Nicolas Sarkozy’s speech before the Senate, in which he announced the ban of the burka in France, has stirred some emotion and discussion in Britain, where such law is far from being thought of. In her article Cassandra Jardine compares the two countries, pointing to the right to individual and religious expression in Britain.
Ahmed Versi, editor of the Muslim News, believes the way forward is through tolerance and understanding, not legislation — and is glad he lives in Britain for that reason. “Britain is the best country in Europe for Muslims. We complain, but we are freer here, and we have more dialogue with government. In France, Muslim organisations are not representative; here they are independent. In France, Muslims live in ghettos and have double the unemployment rate of the rest of the population. Many French women come to university in the UK because they want to study and wear the headscarf which in France they cannot.”
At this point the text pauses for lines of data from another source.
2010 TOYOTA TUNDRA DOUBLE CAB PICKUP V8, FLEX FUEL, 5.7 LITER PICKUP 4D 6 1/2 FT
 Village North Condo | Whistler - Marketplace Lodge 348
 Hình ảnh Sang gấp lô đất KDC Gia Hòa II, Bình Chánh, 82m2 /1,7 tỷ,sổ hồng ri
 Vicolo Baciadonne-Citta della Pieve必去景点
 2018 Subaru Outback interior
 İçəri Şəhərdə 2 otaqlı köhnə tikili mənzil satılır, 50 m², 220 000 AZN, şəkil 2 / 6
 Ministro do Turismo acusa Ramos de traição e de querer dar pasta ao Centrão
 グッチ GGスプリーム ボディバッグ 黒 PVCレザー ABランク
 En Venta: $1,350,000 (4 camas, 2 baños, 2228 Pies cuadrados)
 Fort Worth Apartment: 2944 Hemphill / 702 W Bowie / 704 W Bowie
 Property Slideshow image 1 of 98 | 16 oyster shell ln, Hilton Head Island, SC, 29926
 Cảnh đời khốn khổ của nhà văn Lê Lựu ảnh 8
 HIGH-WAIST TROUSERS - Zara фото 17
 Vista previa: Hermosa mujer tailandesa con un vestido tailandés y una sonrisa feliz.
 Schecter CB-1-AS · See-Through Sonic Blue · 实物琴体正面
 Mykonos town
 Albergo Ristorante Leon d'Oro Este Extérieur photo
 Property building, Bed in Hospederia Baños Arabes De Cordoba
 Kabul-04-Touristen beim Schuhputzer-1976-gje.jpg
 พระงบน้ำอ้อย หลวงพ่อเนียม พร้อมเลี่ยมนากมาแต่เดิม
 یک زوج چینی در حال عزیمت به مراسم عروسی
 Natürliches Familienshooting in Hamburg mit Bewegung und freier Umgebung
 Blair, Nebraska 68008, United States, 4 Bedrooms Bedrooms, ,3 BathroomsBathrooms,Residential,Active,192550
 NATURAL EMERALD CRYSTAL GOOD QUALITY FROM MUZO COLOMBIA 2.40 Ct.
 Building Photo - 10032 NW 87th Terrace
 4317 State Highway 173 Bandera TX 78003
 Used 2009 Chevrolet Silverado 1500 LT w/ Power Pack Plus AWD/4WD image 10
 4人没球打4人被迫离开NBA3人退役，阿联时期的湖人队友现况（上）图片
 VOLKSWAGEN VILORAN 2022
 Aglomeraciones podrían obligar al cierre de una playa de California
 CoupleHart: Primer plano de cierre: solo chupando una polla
The article also quotes those who would welcome the burka-ban, not least some members of the Muslim community. “The French president should be applauded for initiating this debate,” Dr Taj Hargey of the Muslim Educational Centre of Oxford said. Dr Hargey describes the growing belief that Muslim women should cover their head, face and hands as “doctrinaire brain-washing”. Dr Usama Hasan, a reformist London Imam, also has “some sympathy” with Sarkozy: he too does not think it is necessary for women to wear the burka.